# WORK TO BE COMPLETED
What is the count of lines in the data that hold the string "Rectangular"? State the number alone.

Items from a data source
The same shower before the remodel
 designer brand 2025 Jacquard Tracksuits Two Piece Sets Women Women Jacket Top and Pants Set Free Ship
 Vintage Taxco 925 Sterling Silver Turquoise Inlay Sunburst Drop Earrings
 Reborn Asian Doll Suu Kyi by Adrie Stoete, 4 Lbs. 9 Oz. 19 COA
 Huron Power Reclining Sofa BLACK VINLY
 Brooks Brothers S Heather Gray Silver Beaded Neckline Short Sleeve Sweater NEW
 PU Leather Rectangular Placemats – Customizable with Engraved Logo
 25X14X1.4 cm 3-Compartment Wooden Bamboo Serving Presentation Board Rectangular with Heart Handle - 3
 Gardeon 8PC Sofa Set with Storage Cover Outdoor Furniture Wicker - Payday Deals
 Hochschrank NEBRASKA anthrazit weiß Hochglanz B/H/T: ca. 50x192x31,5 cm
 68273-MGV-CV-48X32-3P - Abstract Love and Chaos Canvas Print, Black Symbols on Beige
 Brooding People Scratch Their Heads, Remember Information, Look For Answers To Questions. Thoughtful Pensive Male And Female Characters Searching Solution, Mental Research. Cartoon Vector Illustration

# SOLUTION FOR THIS EXERCISE
2